Ainda estava por nascer o cara que iria flagrá-lo trocando o certo pelo duvidoso. Melhor dizendo, “tocando” o duvidoso no lugar do certo.
O Concerto número 2 para piano e orquestra de Rachmaninov e o número 1, em mi menor, de Chopin, o Atanagildo assobiava, nota por nota, do início ao fim. Os três movimentos de cada um deles, tão familiares quanto a unha encravada que tinha desde menino. Achava de melhor proveito e de maior prazer ouvir “Starman” pela 593ª vez do que arriscar um rolê no Spotify para conferir o que andava bombando em ouvidos ianques semana passada.
A duração da vida era inversamente proporcional à oferta de músicas para embalá-la, pensava o Atanagildo. Não se conformava com a montanha de tempo, gasto e não reaproveitável, na audição de porcaria. Abrindo zilhões de ostras estragadas em busca de uma improvável pérola.
Para chegar aos seus exigentes ouvidos, era preciso perfurar um grosso escudo anti-mau gosto. Sim, esse meu amigo era um verdadeiro mata-burro sonoro. Se algo novo e bom surgisse, qualquer coisa diferente que realmente valesse a atenção investida, mais cedo ou mais tarde ele tomaria conhecimento de alguma forma. Assim, não se preocupava e seguia fiel a seus clássicos. Deixando que o tempo fizesse, lentamente, sua seleção natural.
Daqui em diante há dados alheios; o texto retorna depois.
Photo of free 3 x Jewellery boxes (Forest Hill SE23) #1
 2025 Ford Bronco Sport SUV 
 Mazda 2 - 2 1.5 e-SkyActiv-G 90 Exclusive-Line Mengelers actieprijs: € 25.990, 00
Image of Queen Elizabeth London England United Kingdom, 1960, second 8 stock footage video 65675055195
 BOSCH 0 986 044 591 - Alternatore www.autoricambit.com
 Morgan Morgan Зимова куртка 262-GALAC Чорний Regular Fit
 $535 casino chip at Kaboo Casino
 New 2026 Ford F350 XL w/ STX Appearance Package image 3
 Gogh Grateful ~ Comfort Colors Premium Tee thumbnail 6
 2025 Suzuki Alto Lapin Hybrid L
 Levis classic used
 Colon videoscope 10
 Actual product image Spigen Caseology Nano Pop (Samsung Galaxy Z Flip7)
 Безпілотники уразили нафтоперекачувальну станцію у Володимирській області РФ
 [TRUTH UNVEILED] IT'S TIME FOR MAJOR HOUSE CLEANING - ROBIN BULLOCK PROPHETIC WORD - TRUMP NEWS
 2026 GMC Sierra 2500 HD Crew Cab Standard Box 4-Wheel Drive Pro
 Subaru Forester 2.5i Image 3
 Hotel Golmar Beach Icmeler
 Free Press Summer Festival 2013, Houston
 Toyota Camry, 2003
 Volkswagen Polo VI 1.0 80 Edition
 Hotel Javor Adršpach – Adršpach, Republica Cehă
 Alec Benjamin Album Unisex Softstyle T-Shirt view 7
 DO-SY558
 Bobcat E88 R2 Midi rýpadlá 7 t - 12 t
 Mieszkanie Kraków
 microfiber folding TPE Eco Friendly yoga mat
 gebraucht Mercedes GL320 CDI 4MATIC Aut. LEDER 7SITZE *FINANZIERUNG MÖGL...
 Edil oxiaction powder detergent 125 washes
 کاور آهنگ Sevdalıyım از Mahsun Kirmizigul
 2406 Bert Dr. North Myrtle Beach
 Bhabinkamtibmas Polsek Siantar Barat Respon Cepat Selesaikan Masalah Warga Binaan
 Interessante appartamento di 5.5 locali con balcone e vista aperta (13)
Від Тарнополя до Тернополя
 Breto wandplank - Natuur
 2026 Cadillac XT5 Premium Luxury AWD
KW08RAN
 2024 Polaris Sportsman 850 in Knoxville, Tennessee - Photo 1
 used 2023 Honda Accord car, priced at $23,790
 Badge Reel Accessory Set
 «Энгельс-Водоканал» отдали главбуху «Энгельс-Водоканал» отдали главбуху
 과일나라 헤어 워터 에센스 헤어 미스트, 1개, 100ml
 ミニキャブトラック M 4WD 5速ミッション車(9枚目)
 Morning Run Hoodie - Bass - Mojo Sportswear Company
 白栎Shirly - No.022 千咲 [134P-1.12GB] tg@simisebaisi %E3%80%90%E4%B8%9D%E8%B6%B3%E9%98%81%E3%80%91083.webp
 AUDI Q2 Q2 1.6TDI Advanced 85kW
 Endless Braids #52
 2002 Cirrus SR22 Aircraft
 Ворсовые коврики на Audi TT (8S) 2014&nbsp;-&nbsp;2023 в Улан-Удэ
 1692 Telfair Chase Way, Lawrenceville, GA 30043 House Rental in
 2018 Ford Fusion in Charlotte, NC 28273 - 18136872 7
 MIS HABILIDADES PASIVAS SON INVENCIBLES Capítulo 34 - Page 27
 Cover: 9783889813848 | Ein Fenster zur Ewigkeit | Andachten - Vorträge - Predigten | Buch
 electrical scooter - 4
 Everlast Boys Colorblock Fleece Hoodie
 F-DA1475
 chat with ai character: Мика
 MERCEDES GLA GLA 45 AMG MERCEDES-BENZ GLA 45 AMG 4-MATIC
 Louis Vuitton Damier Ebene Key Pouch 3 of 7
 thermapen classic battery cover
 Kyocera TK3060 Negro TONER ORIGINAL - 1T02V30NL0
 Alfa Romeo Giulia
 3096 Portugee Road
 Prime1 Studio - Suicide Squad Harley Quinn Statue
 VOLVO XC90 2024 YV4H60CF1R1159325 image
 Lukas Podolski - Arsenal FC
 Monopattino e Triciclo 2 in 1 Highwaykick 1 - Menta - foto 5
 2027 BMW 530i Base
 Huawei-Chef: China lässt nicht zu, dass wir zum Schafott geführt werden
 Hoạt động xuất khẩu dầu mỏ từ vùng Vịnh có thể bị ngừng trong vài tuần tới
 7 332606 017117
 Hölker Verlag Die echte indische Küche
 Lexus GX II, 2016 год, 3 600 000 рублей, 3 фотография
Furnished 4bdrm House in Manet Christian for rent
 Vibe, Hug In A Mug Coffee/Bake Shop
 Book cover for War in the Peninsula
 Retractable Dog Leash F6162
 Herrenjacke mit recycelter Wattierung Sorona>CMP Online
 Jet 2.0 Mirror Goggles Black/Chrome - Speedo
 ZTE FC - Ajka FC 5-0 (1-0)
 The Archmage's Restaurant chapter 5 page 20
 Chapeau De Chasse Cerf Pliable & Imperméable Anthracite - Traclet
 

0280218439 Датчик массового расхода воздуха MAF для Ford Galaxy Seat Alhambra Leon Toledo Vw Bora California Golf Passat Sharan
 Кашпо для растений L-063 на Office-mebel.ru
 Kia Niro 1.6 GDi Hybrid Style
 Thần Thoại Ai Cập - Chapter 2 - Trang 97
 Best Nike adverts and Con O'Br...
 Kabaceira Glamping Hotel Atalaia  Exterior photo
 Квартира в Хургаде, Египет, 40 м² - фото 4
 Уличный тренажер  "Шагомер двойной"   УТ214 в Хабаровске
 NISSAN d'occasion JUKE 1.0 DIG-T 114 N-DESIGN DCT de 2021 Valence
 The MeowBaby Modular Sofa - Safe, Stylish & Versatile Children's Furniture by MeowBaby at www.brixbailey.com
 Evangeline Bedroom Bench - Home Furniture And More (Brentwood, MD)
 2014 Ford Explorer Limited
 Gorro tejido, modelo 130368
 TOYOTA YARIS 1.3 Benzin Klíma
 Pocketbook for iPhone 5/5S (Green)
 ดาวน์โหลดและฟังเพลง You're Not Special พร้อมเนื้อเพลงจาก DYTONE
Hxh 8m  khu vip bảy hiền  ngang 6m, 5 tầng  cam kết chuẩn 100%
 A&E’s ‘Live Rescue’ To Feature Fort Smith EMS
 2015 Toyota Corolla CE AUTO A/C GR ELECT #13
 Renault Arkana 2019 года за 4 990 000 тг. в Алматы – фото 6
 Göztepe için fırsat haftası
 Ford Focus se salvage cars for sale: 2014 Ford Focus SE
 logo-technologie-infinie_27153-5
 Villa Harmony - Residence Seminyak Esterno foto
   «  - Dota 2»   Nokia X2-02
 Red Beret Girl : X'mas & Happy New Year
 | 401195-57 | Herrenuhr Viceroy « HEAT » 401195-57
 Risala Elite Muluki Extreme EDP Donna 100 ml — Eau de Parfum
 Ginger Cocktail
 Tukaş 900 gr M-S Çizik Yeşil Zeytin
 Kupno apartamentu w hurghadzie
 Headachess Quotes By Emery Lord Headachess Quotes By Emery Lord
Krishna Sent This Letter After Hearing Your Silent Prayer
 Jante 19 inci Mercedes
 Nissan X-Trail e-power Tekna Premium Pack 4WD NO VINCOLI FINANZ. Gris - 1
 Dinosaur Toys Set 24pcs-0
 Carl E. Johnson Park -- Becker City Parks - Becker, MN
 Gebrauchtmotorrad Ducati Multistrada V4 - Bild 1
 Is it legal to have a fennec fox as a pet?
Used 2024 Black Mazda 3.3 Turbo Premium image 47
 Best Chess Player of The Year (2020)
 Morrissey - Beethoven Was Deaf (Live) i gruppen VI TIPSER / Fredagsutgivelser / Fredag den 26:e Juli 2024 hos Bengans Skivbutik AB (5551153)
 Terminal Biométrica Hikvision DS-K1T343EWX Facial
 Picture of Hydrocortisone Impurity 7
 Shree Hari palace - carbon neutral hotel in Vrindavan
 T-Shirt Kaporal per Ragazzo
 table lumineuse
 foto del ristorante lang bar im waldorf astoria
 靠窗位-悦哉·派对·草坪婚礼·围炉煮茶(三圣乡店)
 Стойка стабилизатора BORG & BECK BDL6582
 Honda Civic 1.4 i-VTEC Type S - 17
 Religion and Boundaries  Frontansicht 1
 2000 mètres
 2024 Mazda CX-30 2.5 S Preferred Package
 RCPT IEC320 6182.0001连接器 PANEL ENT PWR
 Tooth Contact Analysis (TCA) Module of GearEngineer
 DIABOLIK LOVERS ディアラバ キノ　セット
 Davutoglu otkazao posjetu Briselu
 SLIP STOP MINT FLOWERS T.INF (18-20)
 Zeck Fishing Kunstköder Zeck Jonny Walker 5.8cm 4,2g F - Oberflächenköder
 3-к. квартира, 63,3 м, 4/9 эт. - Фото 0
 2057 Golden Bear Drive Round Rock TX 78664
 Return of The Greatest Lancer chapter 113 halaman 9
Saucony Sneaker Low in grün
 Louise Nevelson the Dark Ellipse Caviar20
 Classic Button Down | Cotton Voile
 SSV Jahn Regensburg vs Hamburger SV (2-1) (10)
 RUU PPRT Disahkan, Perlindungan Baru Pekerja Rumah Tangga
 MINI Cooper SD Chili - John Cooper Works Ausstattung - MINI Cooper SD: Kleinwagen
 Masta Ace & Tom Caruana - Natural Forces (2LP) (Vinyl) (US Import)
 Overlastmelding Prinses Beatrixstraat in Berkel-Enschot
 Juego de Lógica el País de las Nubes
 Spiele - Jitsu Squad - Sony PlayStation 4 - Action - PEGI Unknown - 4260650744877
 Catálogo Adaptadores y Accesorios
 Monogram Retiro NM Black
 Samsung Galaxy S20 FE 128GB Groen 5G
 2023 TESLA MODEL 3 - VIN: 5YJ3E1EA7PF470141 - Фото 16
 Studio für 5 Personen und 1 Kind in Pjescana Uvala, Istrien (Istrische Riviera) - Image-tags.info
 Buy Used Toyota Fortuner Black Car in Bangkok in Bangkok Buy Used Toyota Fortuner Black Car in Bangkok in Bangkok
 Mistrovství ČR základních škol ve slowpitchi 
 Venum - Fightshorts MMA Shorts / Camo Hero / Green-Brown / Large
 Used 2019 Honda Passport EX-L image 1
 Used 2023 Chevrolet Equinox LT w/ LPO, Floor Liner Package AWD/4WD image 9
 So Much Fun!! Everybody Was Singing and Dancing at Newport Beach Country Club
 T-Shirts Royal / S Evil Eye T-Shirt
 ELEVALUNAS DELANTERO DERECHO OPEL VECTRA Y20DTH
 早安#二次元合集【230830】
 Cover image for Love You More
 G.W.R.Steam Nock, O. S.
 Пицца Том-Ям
Foi assim que teve o prazer de nunca ouvir Pablo Vitar. Que negou-se a dar uma chance a um obscuro quarteto de Rostropovitch para cair nos braços sempre abertos da Pastoral de Beethoven. Que encomendou uma dúzia de missas em ação de graças, por ter escapado ileso de uma bomba sertaneja que passou de raspão nele, ao descer de um trem de metrô na Estação da Luz.